Citó el mismo nombre del pueblo para probar su punto de vista. Originalmente no
se llamaba Stregoicavar, dijo; de acuerdo con las leyendas, los que fundaron el
pueblo lo llamaron Xuthltan, que era el primitivo nombre del lugar sobre el que
asentaron sus casas, hace ya muchos siglos.
Este hecho me produjo otra
vez un indescriptible sentimiento de desazón.

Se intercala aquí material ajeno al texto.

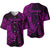 Scorpio Zodiac Polynesian Baseball Jersey Unique Style - Pink LT8 - Polynesian Pride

El nombre bárbaro no me sugería
relación alguna con las razas escitas, eslavas o mongolas a las que deberían
haber pertenecido los habitantes de estas montañas.
Los magiares y los
eslavos de las tierras bajas creían sin duda que los primitivos habitantes del
pueblo eran miembros de un culto maléfico, como se demostraba, a juicio del
maestro, por el nombre que dieron al pueblo y que continuaron empleando aun
después de ser aniquilados los antiguos pobladores por los turcos y haberlo
reconstruido una raza más pura.
No creía él que fueran los iniciados en
ese culto quienes erigieron el monolito, aunque opinaba que lo emplearon como
centro de sus actividades; y, basándose en vagas leyendas que se venían
transmitiendo desde antes de la invasión turca, expuso una teoría según la cual
los degenerados pobladores antiguos lo habían usado como una especie de altar
sobre el cual ofrecieron sacrificios humanos, empleando como víctimas a las
muchachas y a los niños robados a los propios antepasados de los actuales
pobladores, que a la sazón vivían en las tierras bajas.
Desestimaba el
mito de los horripilantes sucesos de la noche del 24 de junio, así como la
leyenda de una deidad extraña que el pueblo hechicero invocaba por medio de
cantos salvajes rituales de flagelación y sadismo, como se decía.
No
había visitado la Piedra en la noche del 24 de junio, según confesó, pero no le
daría miedo hacerlo; lo que había existido o lo que sucedió allí en otra época,
fuera lo que fuese, se había sumido en la niebla del tiempo y del olvido. La
Piedra Negra había perdido su significado salvo el de ser el nexo de unión con
un pasado muerto y polvoriento.
Hacía cosa de una semana que estaba ya
en Stregoicavar cuando, una noche, al volver de una visita al maestro, me quedé
impresionado de pronto al recordar que ¡estábamos a 24 de junio! Era, pues, la
noche en que, según las leyendas, sucedían cosas misteriosas en relación con la
Piedra Negra. En vez de meterme en la taberna, crucé el pueblo a buen paso.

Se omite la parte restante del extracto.